In preliminary testing, both able-bodied and amputee volunteers were able to use the model-controlled interface to perform all of the required hand and wrist motions – despite having very little training.
“We’re currently seeking volunteers who have transradial amputations to help us with further testing of the model to perform activities of daily living,” Huang says. “We want to get additional feedback from users before moving ahead with clinical trials.
“To be clear, we are still years away from having this become commercially available for clinical use,” Huang stresses. “And it is difficult to predict potential cost, since our work is focused on the software, and the bulk of cost for amputees would be in the hardware that actually runs the program. However, the model is compatible with available prosthetic devices.”
The researchers are also exploring the idea of incorporating machine learning into the generic musculoskeletal model.
“Our model makes prosthetic use more intuitive and reliable, but machine learning could allow users to gain more nuanced control by allowing the program to learn each person’s daily needs and preferences and better adapt to a specific user in the long term,” Huang says.
The paper, “Myoelectric Control Based on A Generic Musculoskeletal Model: Towards A Multi-User Neural-Machine Interface,” is published in the journal IEEE Transactions on Neural Systems and Rehabilitation Engineering. Lead author of the paper is Lizhi Pan, a postdoctoral researcher in Huang’s lab. The paper was co-authored by Dustin Crouch, a former postdoctoral researcher in Huang’s lab who is now at the University of Tennessee. The work was done with support from the Defense Advanced Research Projects Agency under grant N66001-16-2-4052; the National Science Foundation under grants 1527202 and 1637892; the National Institute on Disability, Independent Living, and Rehabilitation Research under grant 90IF0064; and the Department of Defense under grants W81XWH-15-C-0125 and W81XWH-15-1-0407.
Note to Editors: The study abstract follows.
“Myoelectric Control Based on A Generic Musculoskeletal Model: Towards A Multi-User Neural-Machine Interface”

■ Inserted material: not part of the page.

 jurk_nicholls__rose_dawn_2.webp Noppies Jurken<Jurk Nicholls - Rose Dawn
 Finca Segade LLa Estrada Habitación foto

Authors: Lizhi Pan, Dustin L. Crouch, and He Huang, North Carolina State University and University of North Carolina at Chapel Hill; Dustin L. Crouch is currently with the University of Tennessee, Knoxville
Published: May 18, IEEE Transactions on Neural Systems and Rehabilitation Engineering
Abstract: This study aimed to develop a novel electromyography (EMG)-based neural-machine interface (NMI) that is user-generic for continuously predicting coordinated motion between metacarpophalangeal (MCP) and wrist flexion/extension. The NMI requires a minimum calibration procedure that only involves capturing maximal voluntary muscle contraction for the monitored muscles for individual users. At the center of the NMI is a user-generic musculoskeletal model based on the experimental data collected from 6 able-bodied (AB) subjects and 9 different upper limb postures. The generic model was evaluated on-line on both AB subjects and a transradial amputee. The subjects were instructed to perform a virtual hand/wrist posture matching task with different upper limb postures. The on-line performance of the generic model was also compared with that of the musculoskeletal model customized to each individual user (called “specific model”). All subjects accomplished the assigned virtual tasks while using the user-generic NMI, although the AB subjects produced better performance than the amputee subject. Interestingly, compared to the specific model, the generic model produced comparable completion time, a reduced number of overshoots, and improved path efficiency in the virtual hand/wrist posture matching task. The results suggested that it is possible to design an EMG-driven NMI based on a musculoskeletal model that could fit multiple users, including upper limb amputees, for predicting coordinated MCP and wrist motion. The present new method might address the challenges of existing advanced EMG-based NMI that require frequent and lengthy customization and calibration. Our future research will focus on evaluating the developed NMI for powered prosthetic arms.